Im Vergleich zu den letzten UZ-Alben hat Mastermind Denis nun in Michel Bercksmans und Kurt Budé zwei gleichwertige Komponisten-Kollegen in der Band, die das Spektrum weiter, weniger elektronisch und farbenfroher (!) gestalten als auf den letzten Studiowerken, die weitgehend von Denis allein geschrieben und produziert wurden. Kein Zweifel: Univers Zéro sind nun auch im Studio wieder eine richtige Band.
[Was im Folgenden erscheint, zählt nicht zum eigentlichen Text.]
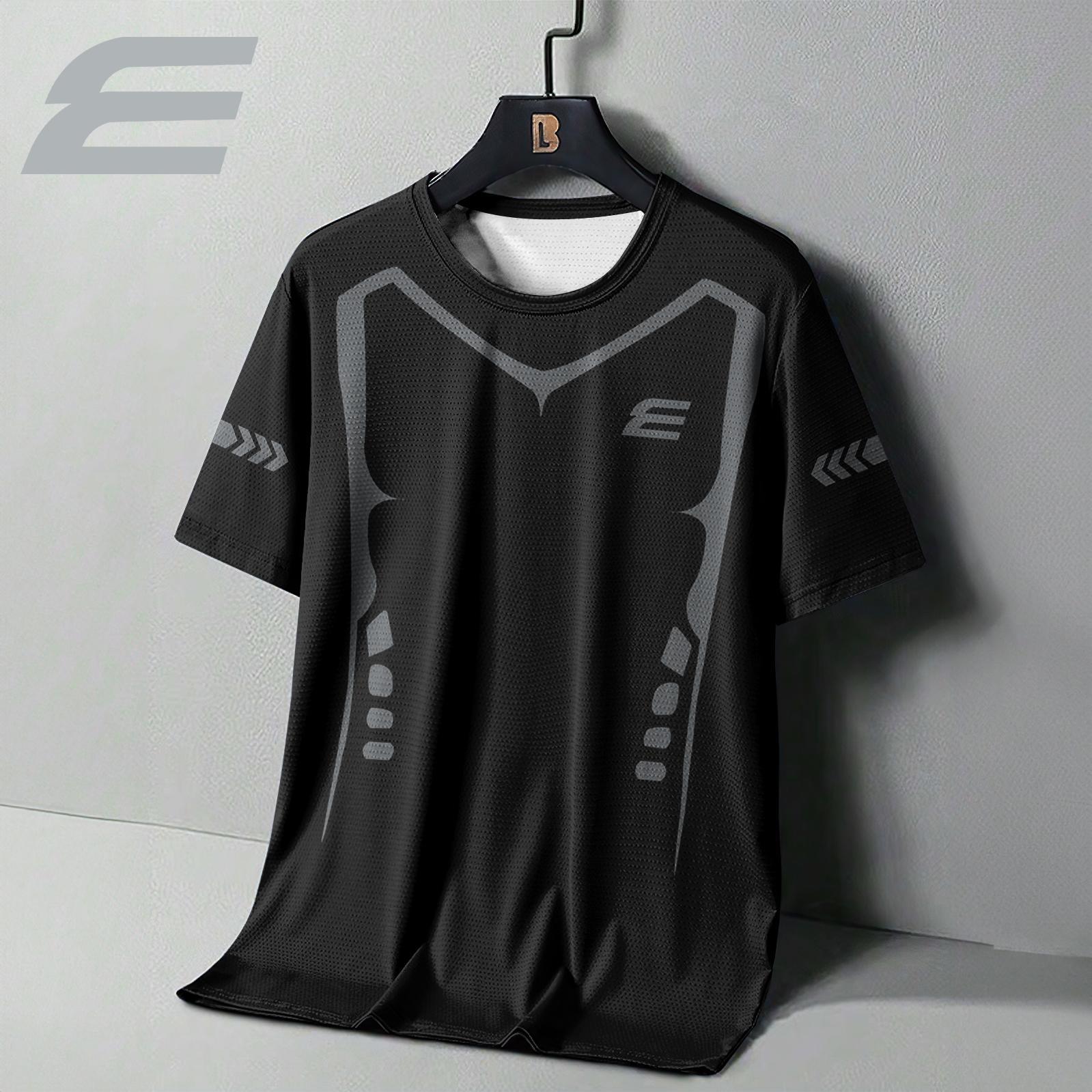 3D เสื้อยืดผู้ชาย เสื้อยืดกีฬา - 3D Printing Tablet บทวิจารณ์และราคา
Dass "Clivages" im Vergleich zu anderen Alben der Truppe nun verhältnismäßig heiter ausgefallen ist, ist sicher auch ein Verdienst der 'Demokratisierung' der Band: Es ist ja weiß Gott nichts Verwerfliches dabei, wenn man zwischen all den Alpträumen, die UZ so geschickt in Noten fasst, auch das eine oder andere Allegro hören kann.
Mit Rockmusik hat das alles wie immer nur bedingt etwas zu tun, aber die Kenner der Mischung aus moderner Kammermusik und Avantgarde-Rock wissen, was sie bei Univers Zéro erwartet, trotz der kleinen Evolution im Sound. [sal: @@@@]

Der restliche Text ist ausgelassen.